CC0 for data means dedicating a dataset to the public domain with no attribution requirement, while CC-BY permits free reuse conditional on credit — and for structured databases, neither Creative Commons tool may be the legally correct choice. Under the FAIR Data Principles, a licence is only “Findable, Accessible, Interoperable, Reusable” if it imposes minimal friction on machine and human reuse; CC0 is the tool most repositories recommend by default, CC-BY is acceptable where attribution norms are strong, and bespoke institutional terms are usually a liability, not a safeguard.
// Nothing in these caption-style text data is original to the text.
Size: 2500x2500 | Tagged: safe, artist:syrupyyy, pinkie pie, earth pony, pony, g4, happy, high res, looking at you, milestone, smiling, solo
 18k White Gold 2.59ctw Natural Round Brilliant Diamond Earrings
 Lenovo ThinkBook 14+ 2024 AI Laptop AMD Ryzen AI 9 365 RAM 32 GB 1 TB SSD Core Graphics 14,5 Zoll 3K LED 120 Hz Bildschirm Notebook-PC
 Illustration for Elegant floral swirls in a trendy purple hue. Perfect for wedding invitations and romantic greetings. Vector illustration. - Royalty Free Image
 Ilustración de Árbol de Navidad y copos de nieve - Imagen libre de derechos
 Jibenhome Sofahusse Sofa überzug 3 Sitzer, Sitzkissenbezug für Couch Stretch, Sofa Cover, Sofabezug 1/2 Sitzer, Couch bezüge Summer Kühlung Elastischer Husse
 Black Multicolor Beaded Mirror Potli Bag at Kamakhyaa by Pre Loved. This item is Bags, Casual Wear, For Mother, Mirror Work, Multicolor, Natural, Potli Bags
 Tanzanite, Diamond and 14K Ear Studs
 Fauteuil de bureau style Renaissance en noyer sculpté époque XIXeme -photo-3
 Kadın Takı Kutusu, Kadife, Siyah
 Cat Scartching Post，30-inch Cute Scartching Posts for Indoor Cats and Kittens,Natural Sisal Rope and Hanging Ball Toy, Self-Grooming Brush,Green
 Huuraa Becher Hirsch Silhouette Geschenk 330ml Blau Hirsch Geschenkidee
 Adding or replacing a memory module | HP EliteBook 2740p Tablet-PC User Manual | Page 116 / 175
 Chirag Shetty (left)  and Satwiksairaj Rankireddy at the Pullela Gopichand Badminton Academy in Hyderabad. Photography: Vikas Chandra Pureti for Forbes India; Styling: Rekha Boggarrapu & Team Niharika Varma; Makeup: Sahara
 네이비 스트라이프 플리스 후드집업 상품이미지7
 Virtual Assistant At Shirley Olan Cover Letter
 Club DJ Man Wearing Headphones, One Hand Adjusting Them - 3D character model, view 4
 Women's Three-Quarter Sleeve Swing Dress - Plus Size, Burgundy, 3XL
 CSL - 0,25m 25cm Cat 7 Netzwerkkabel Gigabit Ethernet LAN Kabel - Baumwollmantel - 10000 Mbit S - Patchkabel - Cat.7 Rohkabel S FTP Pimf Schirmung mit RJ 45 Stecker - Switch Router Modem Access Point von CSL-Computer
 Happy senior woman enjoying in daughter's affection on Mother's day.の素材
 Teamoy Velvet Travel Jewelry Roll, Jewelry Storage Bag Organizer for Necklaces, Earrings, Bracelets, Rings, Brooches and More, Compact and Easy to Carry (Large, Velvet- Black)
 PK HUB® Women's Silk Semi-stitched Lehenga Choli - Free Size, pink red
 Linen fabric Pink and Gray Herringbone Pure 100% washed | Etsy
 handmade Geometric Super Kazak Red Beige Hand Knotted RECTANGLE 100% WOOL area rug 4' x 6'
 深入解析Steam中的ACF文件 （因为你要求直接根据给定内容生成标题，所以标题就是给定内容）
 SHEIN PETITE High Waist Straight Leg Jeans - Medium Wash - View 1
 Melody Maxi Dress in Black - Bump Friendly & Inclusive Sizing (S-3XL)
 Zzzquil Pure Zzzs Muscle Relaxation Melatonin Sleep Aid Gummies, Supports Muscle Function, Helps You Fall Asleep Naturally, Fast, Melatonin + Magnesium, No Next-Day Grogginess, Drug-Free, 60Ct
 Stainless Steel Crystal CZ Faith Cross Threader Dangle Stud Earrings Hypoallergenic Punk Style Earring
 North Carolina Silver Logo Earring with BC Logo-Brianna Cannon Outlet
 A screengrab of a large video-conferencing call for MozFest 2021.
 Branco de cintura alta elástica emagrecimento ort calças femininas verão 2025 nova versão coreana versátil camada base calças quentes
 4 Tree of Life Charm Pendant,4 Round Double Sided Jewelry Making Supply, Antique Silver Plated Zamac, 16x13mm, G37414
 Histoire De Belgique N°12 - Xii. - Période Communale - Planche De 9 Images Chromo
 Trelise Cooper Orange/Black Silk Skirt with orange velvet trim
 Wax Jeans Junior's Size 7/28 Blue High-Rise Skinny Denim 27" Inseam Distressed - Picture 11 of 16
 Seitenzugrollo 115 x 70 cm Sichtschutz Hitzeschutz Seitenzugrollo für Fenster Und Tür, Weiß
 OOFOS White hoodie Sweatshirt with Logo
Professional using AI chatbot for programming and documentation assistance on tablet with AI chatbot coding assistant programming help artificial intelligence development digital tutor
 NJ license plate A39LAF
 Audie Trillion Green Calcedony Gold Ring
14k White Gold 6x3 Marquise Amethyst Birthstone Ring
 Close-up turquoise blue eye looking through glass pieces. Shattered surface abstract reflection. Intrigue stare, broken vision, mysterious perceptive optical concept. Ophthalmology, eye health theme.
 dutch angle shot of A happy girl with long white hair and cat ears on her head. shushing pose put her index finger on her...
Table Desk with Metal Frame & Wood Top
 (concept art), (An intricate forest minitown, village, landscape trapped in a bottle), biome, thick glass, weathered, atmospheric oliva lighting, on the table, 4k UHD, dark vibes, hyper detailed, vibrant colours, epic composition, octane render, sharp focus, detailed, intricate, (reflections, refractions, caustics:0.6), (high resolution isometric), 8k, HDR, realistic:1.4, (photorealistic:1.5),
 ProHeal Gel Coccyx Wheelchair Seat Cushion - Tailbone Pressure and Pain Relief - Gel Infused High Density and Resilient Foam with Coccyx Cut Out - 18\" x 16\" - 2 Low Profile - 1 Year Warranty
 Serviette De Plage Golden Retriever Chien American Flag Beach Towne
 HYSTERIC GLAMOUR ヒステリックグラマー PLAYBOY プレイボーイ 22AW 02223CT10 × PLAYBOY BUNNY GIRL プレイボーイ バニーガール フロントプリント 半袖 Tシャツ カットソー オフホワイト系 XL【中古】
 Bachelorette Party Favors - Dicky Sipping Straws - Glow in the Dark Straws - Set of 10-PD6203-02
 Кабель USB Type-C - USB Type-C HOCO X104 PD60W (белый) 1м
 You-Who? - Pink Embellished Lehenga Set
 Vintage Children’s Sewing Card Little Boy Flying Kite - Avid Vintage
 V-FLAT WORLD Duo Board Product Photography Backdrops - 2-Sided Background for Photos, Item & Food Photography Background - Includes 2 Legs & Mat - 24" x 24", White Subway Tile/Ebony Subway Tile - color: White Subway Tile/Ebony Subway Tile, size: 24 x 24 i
CC0 (Creative Commons Zero) is a public domain dedication published by Creative Commons that waives copyright and related rights “to the fullest extent permitted by law”, allowing copying, modification, and commercial reuse without permission or credit.
- Why a data licence matters for FAIR reuse
- CC0 vs CC-BY: what actually differs
- Why custom institutional terms usually backfire
- Databases are a special case: ODC-By and ODbL
- A decision framework for choosing a licence
- Answer-first Q&A
Why a data licence matters for FAIR reuse
The FAIR Data Principles — Findable, Accessible, Interoperable, Reusable — treat licensing as a core reusability criterion, not an afterthought. A dataset can be technically accessible and still fail FAIR if its licence is ambiguous, restrictive, or silent on reuse conditions.
Without an explicit licence, the default legal position in most jurisdictions is “all rights reserved”, deterring reuse even when the depositor intended openness. Data repositories such as Dryad require a clear waiver precisely to remove this ambiguity.
- Findability is unaffected by licence choice, but reusability collapses without one.
- Interoperability depends on whether the licence allows combination with other datasets under different terms.
- Reusability is maximised when the licence imposes the fewest conditions consistent with the depositor’s actual requirements.
CC0 vs CC-BY: what actually differs
CC0 removes all conditions, including attribution; CC-BY keeps commercial and derivative reuse rights but makes crediting the source a licence condition rather than a courtesy. The practical consequences are larger for data than for text or images.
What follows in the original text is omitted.